その名前を聞いた瞬間だけ、サラリーマンの表情が変わった。

「……確かに妻は、さゆりという。

だが三十一歳だ。

君はどう見ても高校生じゃないか。」

女子高生は狂ったように首を振り続けた。

「違う……違う……。

あなたは私を忘れた……。

忘れた……。」

次の駅で駅員が駆けつけ、女子高生とサラリーマンは事情を聞くため降ろされていった。

車内に静けさが戻る。

「何だったんでしょうね。」

誰かが呟く。

「さあ……。

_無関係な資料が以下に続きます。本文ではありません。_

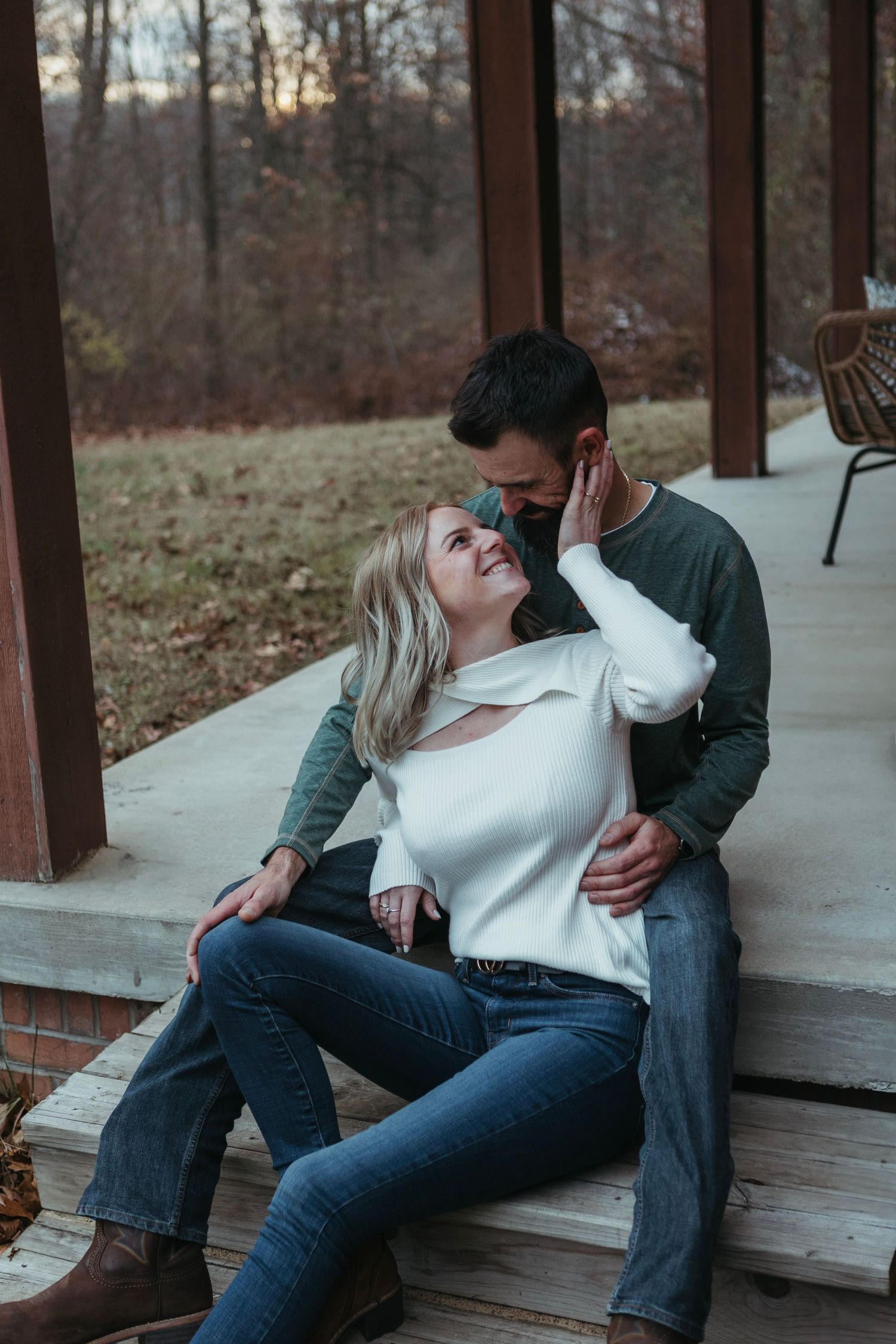 Cozy winter engagement session in Lapeer, Michigan with a couple standing together on a porch in soft natural light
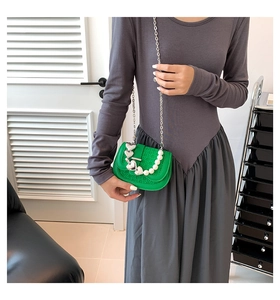 Detail van groene tas met steentextuur, zilveren hartbedel en parelketting decoratie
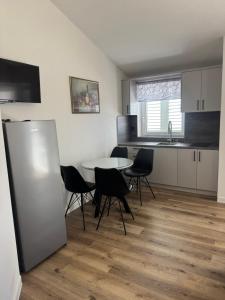 a kitchen and dining room with a table and chairs at House 100m from the beach with free parking in Baška Voda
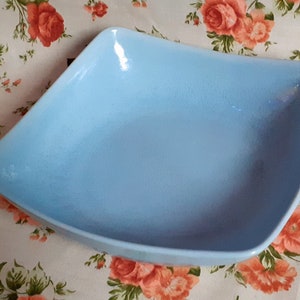May include: A light blue square ceramic serving bowl. The bowl is empty and has a slightly textured surface.
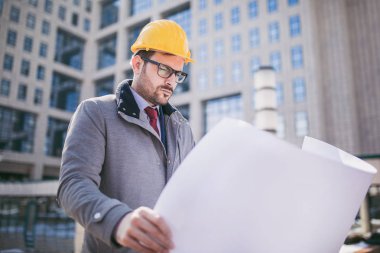 Koruyucu kask holding blueprint ofis binası önünde mimar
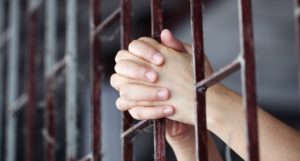 hands behind prison bars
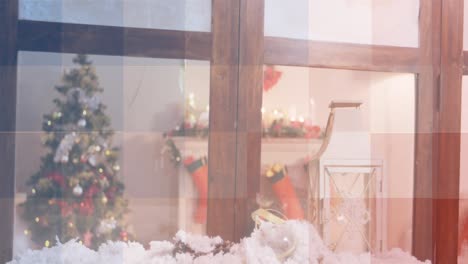 Animation-of-squares-in-red,-white-and-blue-of-flag-of-america,-over-christmas-tree-and-decorations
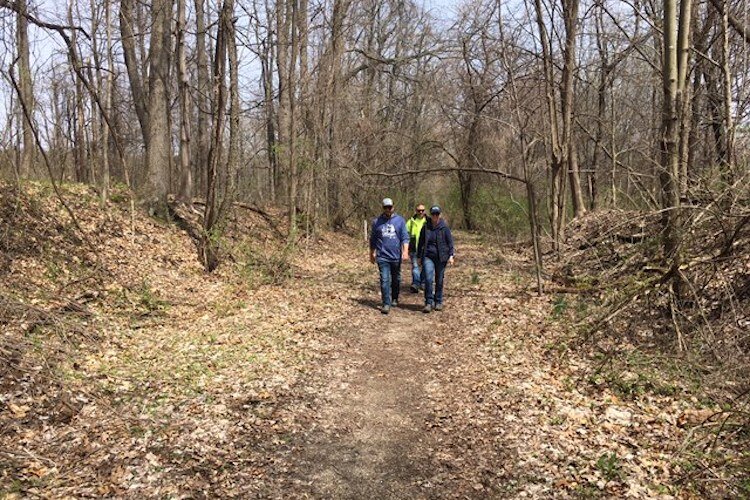 From left, Derek Nofs, Ryan Russell and  Nora Balgoyen walk along the corridor and discuss its possibilities. Photo courtesy Karen High, Oshtemo Parks.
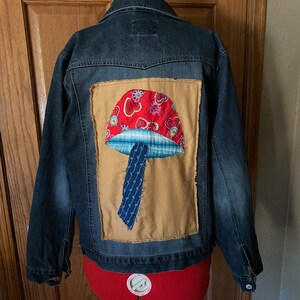 May include: A dark wash denim jacket with a large, patched mushroom design on the back. The mushroom features a red cap with heart and floral patterns, a blue and white plaid section, and a blue stem. The jacket is displayed on a red dress form.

」

私はそう答えながら、ホームへ降りていく二人を見ていた。

女子高生が首を振るたび、その顔がぶれて見えた。

一瞬だけ。

病室で長く寝込んでいるような、やつれた女性の顔が重なる。

唇だけが動く。

『どうして、私を置いていくの……』

次の瞬間には、女子高生の顔に戻っていた。

彼の奥さんは、彼が病室から帰る背中を見るたびに、寂しさを我慢していたのだろう。
愛しているが故に、悔しくて、自分を置いていく彼が許せなくて、気持ちが溢れたのかもしれない。

昔から言う。

覆水盆に返らず。

一度こぼれた水は、決して元には戻らない。

人の想いも、きっと同じなのだろう。


彼女に重なる女性の顔が何なのかは、わからない。

死期が迫る人間の怨念か生き霊か。

怪異というには、通りすがりの違和感程度の話でしたね。